## PROBLEM DESCRIPTION
Set down exactly the lines that run from the one containing "Grunda Kinesiotapes - 3" to the end of the material below, both included, without pictures.

## DATA
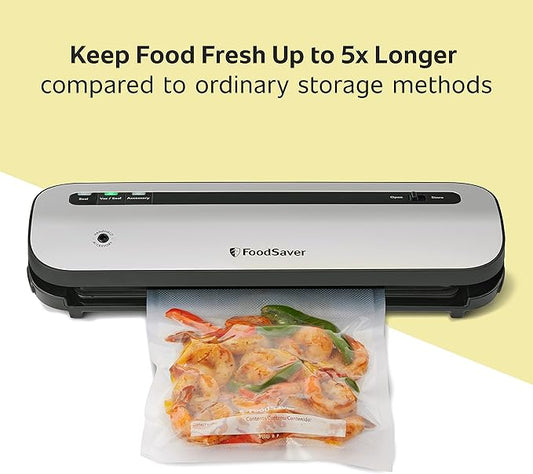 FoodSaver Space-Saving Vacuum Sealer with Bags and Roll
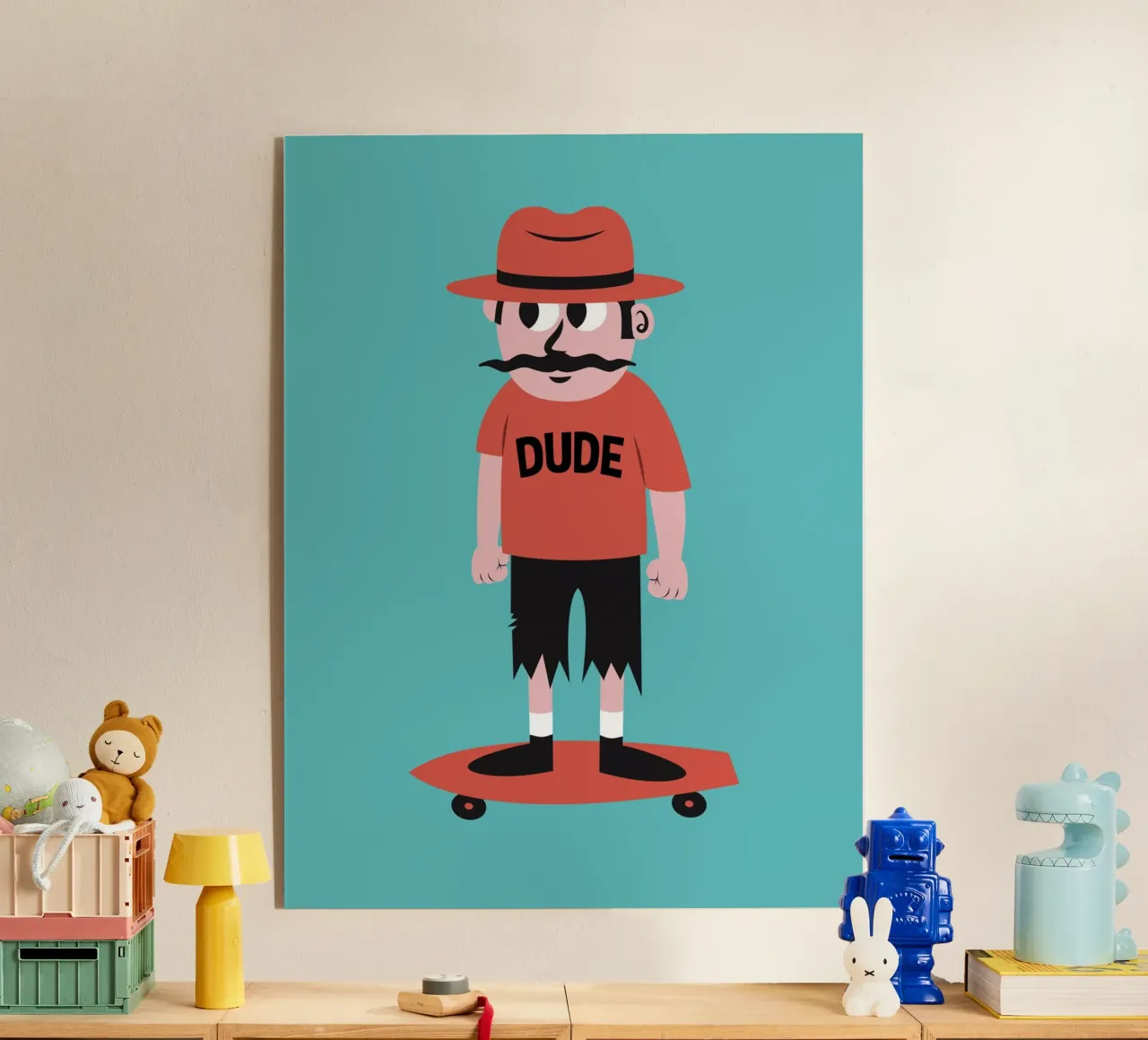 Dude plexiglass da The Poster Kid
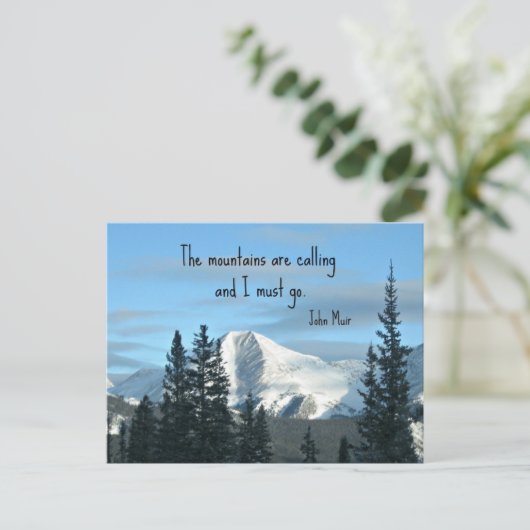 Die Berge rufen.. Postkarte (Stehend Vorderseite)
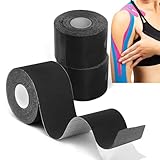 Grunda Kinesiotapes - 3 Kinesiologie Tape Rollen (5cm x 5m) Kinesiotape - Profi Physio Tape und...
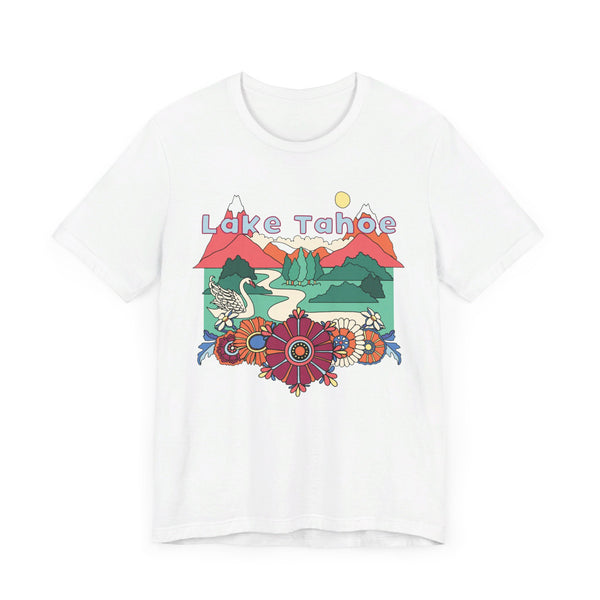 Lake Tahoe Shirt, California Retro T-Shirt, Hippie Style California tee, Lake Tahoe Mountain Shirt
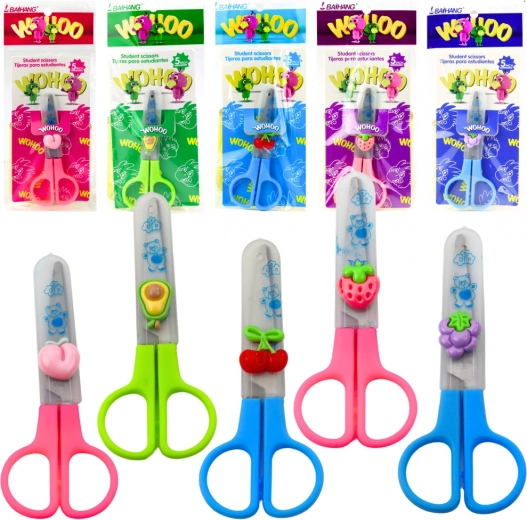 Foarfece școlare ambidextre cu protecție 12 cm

## ANSWER SPACE
 Grunda Kinesiotapes - 3 Kinesiologie Tape Rollen (5cm x 5m) Kinesiotape - Profi Physio Tape und...
 Lake Tahoe Shirt, California Retro T-Shirt, Hippie Style California tee, Lake Tahoe Mountain Shirt
 Foarfece școlare ambidextre cu protecție 12 cm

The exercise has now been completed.